Excerpt: 'Twenties Girl'

Read an excerpt from Sophie Kinsella's new book.

ByABC News via logo
June 25, 2009, 5:03 PM

June 29, 2009— -- Lara Lington has a lot going on in her life: Her best friend and business partner has fled to Goa, her start-up company is in trouble, and her boyfriend has just dumped her. In the midst of her quarter-life crisis, Lara is visited by the ghost of her great aunt Sadie, making a bizarre request: that Lara find the missing necklace Sadie owned for more than 75 years.

The quest to find the neckless leads to intrigue and a new love for Lara in "Twenties Girl."

Read an excerpt of the book below and head to the "GMA" Library for more good reads.

The thing about lying to your parents is, you have to do it to protect them. It's for their own good. I mean, take my own parents. If they knew the unvarnished truth about my finances/love life/ plumbing/council tax, they'd have instant heart attacks and the doctor would say, "Did anyone give them a terrible shock?" and it would all be my fault. Therefore, they have been in my flat for approximately ten minutes and already I have told them the following lies:

1. L&N Executive Recruitment will start making profits soon, I'm sure of it.

2. Natalie is a fantastic business partner, and it was a really brilliant idea to chuck in my job to become a headhunter with her.

3. Of course I don't just exist on pizza, black cherry yogurts, and vodka.

4. Yes, I did know about interest on parking tickets.

5. Yes, I did watch that Charles Dickens DVD they gave me for Christmas; it was great, especially that lady in the bonnet. Yes, Peggotty. That's who I meant.

6. I was actually intending to buy a smoke alarm at the weekend, what a coincidence they should mention it.

7. Yes, it'll be nice to see all the family again.

Seven lies. Not including all the ones about Mum's outfit.
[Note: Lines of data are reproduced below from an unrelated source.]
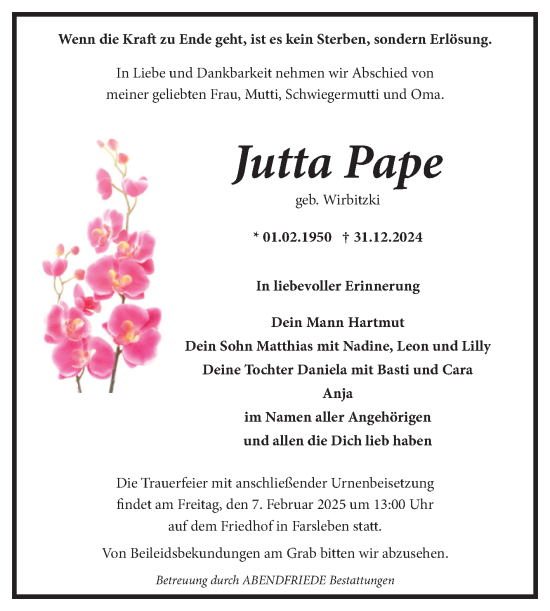 Traueranzeige von Jutta Pape von Volksstimme Haldensleben/Wolmirstedt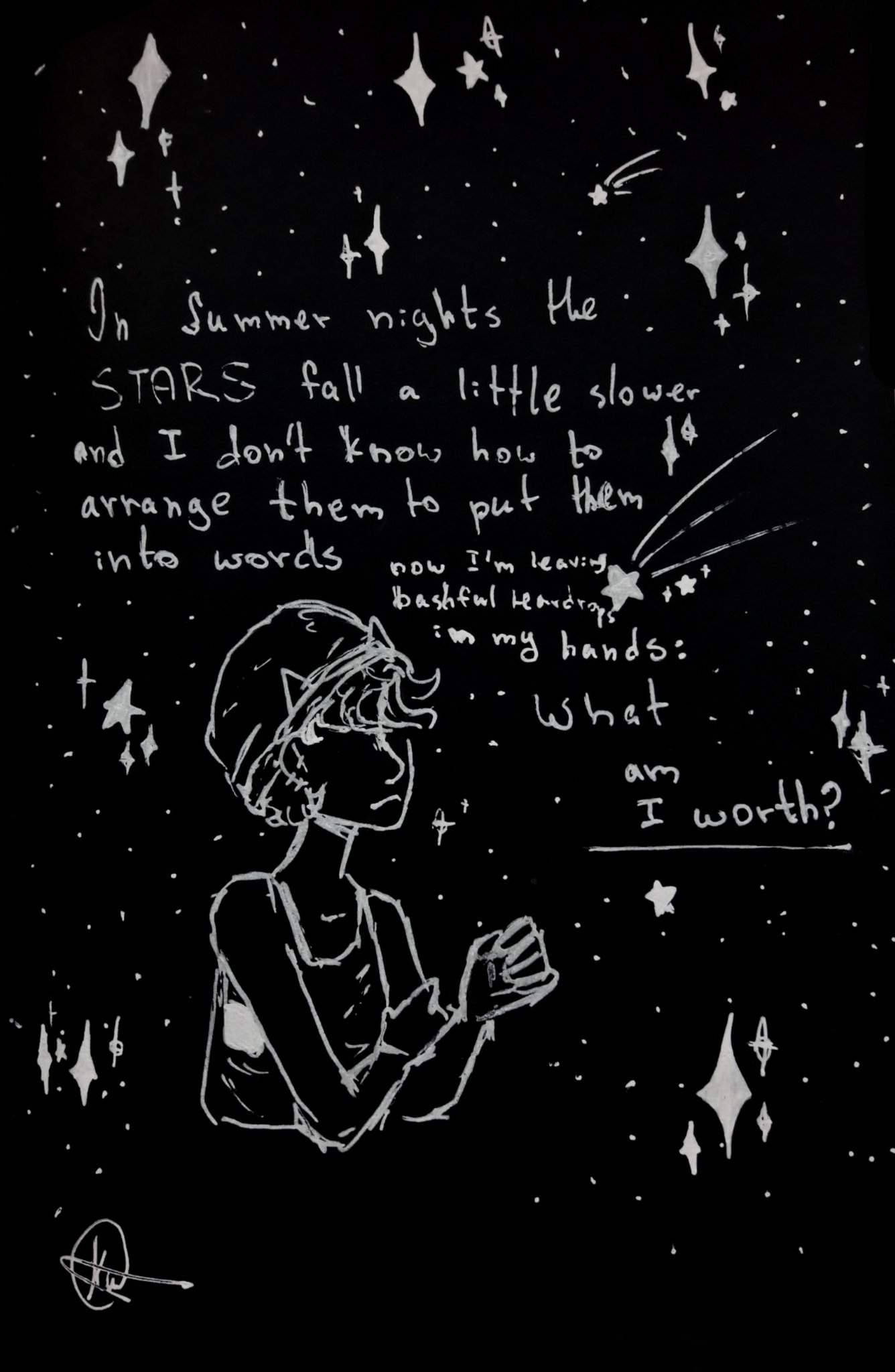 Cavetown 桌布 壁紙 — 一個白色線條藝術人物仰望充滿手寫詩歌和流星的星空。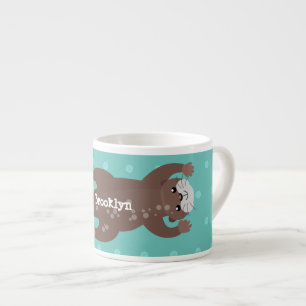 Tasse Expresso Illustration de plongée de loutre mignonne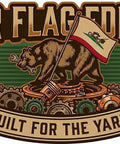 Illustration of bear with flag atop mechanical gears with text 'Bear Flag Edition Built for the Yard'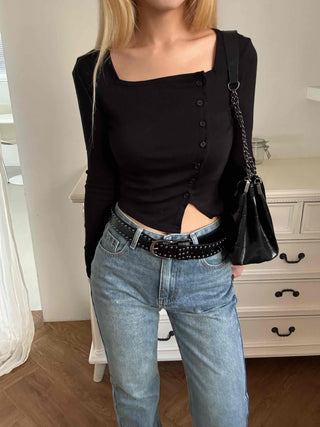 Asymmetrical Diagonal Button Slim Fit Cropped Long Sleeve Tee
And we haven't even mentioned The Subject.

As I come out of my bedroom in a black dress and hastily applied mascara, I see Mum looking at my overdue phone bill on the mantelpiece.

"Don't worry," I say quickly. "I'm going to sort that out."
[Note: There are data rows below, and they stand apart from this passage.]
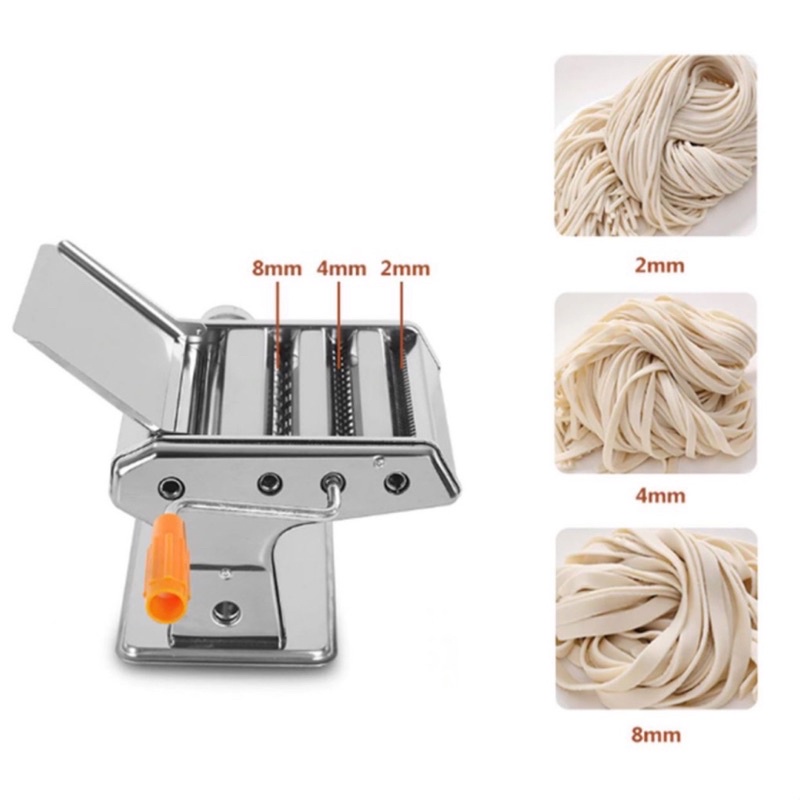 Máy cán bột làm mỳ tươi quay tay 2 3 lưỡi cắt inox dùng gia đình tiện dụng bảo hành 12 tháng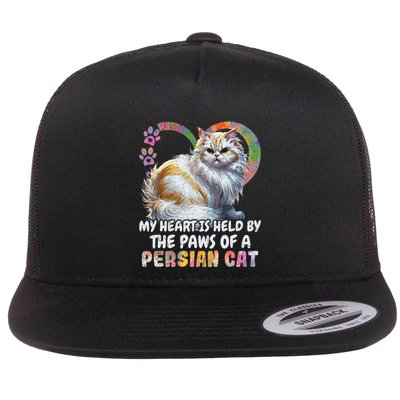 My Heart Is Held By The Paws Of A Persian Cat Cats Flatbill Hat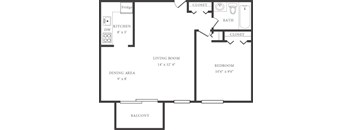 A black and white image of a floor plan for a home.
"Only, if you don't," says Mum, "they'll cut off your line, and it'll take ages for you to get it installed again, and the mobile signal is so patchy here. What if there was an emergency? What would you do?" Her brow is creased with anxiety. She looks as though this is all totally imminent, as though there's a woman screaming in labor in the bedroom and floods are rising outside the window and how will we contact the helicopter? How?
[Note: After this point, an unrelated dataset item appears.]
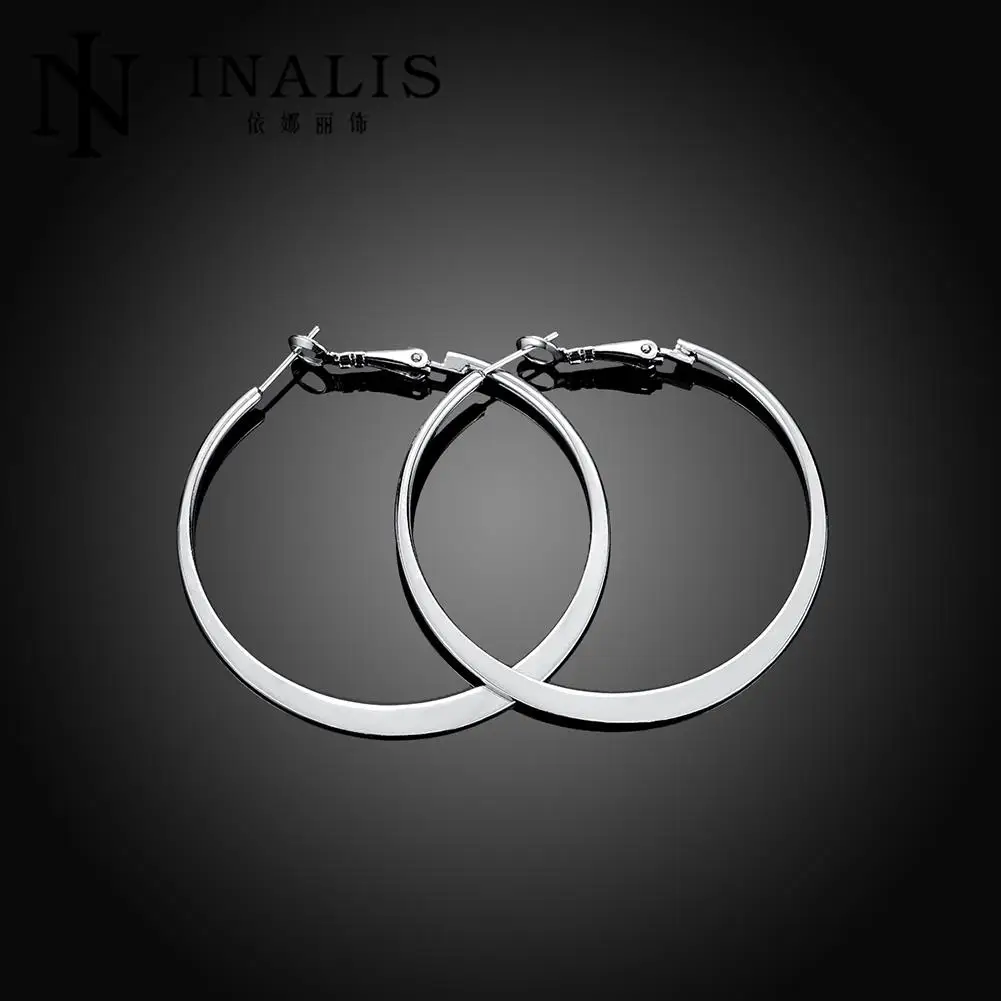 INALIS новые серебряные цветные тонкие гладкие Преувеличенные Большой круг обруч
"Er . . . I hadn't thought about it. Mum, I'll pay the bill. Honest."

Mum's always been a worrier. She gets this tense smile with distant, frightened eyes, and you just know she's playing out some apocalyptic scenario in her head. She looked like that throughout my last speech day at school; afterward she confessed she'd suddenly noticed a chandelier hanging above on a rickety chain and became obsessed by what would happen if it fell down on the girls' heads and splintered into smithereens?

Now she tugs at her black suit, which has shoulder pads and weird metal buttons and is swamping her. I vaguely remember it from about ten years ago, when she had a phase of going on job interviews and I had to teach her all the really basic computer stuff like how to use a mouse. She ended up working for a children's charity, which doesn't have a formal dress code, thank goodness.

No one in my family looks good in black. Dad's wearing a suit made out of a dull black fabric which flattens all his features. He's actually quite handsome, my dad, in a kind of fine-boned, understated way. His hair is brown and wispy, whereas Mum's is fair and wispy like mine. They both look really great when they're relaxed and on their own territory-like, say, when we're all in Cornwall on Dad's rickety old boat, wearing fleeces and eating pasties. Or when Mum and Dad are playing in their local amateur orchestra, which is where they first met. But today, nobody's relaxed.